[DIRECTIONS]:
Copy every entry exactly as it stands, though any image it holds should stay out of the copy.

****************

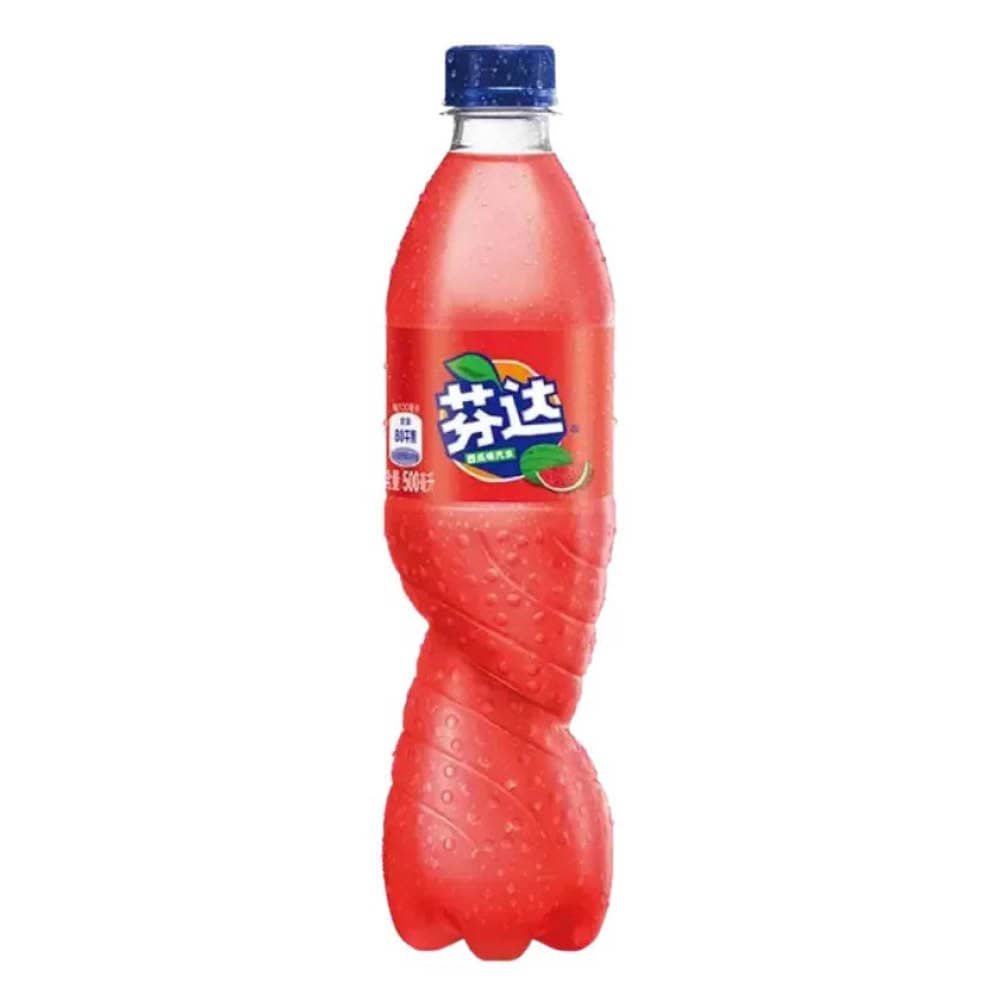 Fanta Watermelon Asia 500ml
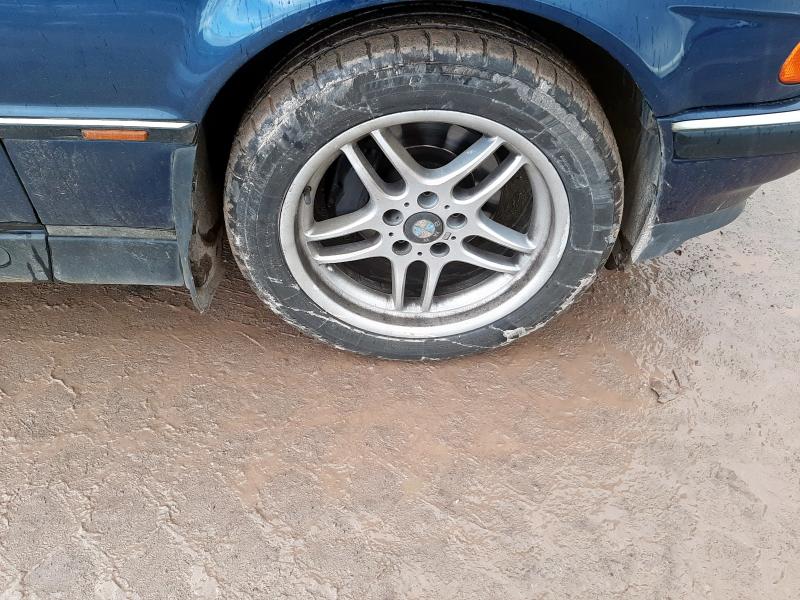 1997 BMW 7 SERIES 728I 4DR AUTO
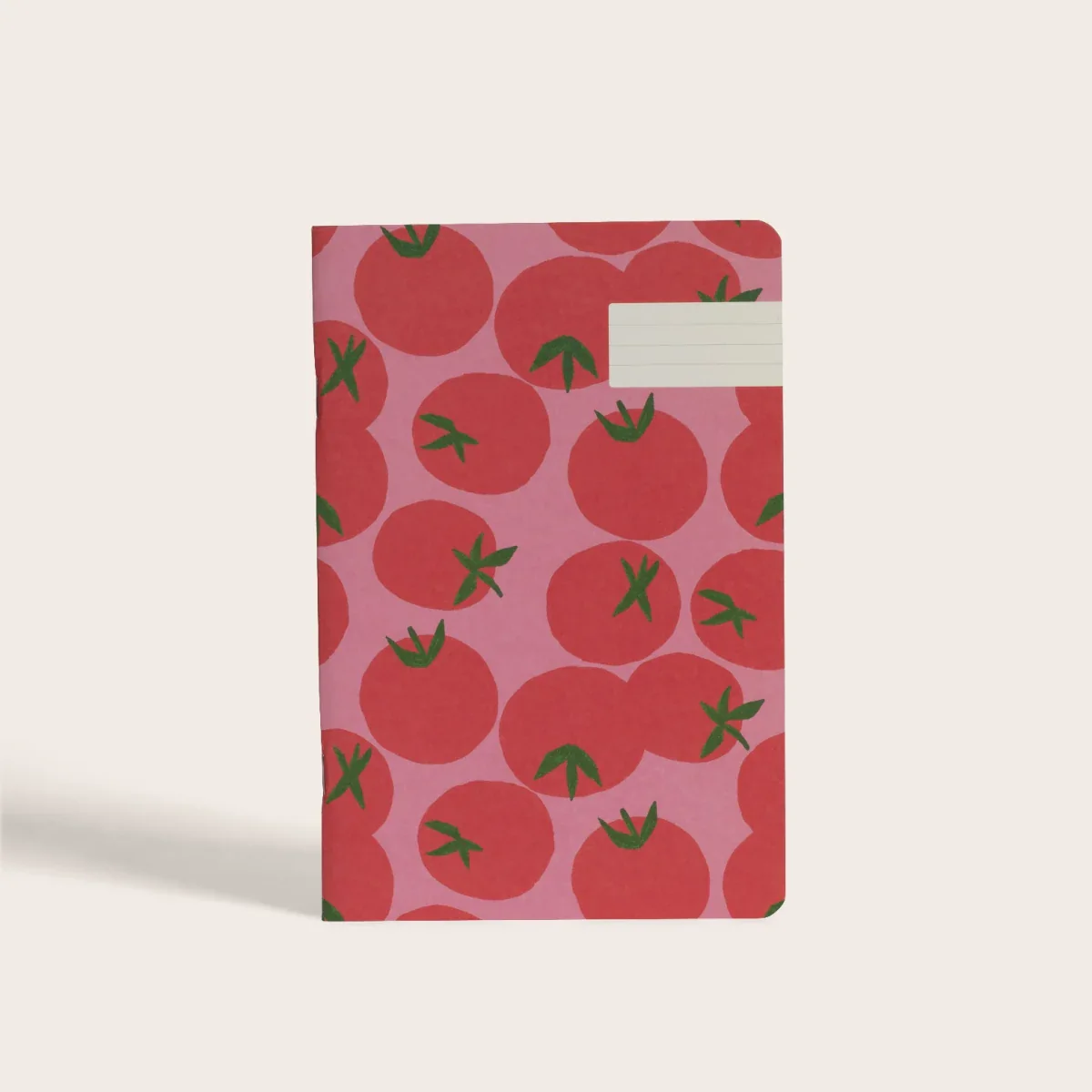 Carnet de notes Gaspacho [lignes]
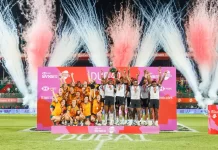 Australia and Fiji win HSBC SVNS in Dubai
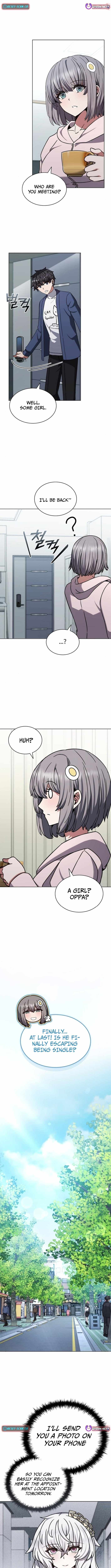 Part-Time Grim Reaper Chapter 25 - Page 10 in English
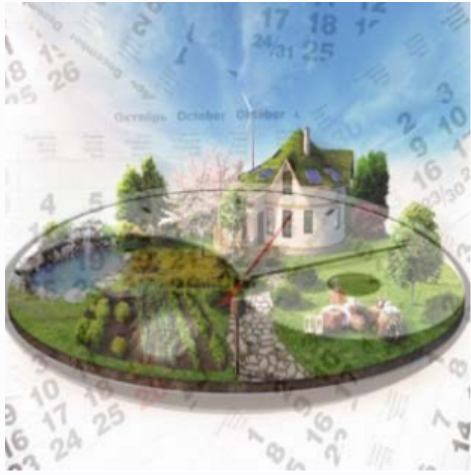 Выбор даты для переезда в новое жилье (Александра Югай)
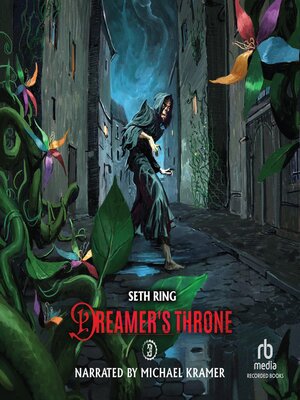 cover image of Dreamer's Throne 3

****************

[ANSWER]:
 Fanta Watermelon Asia 500ml
 1997 BMW 7 SERIES 728I 4DR AUTO
 Carnet de notes Gaspacho [lignes]
 Australia and Fiji win HSBC SVNS in Dubai
 Part-Time Grim Reaper Chapter 25 - Page 10 in English
 Выбор даты для переезда в новое жилье (Александра Югай)
 cover image of Dreamer's Throne 3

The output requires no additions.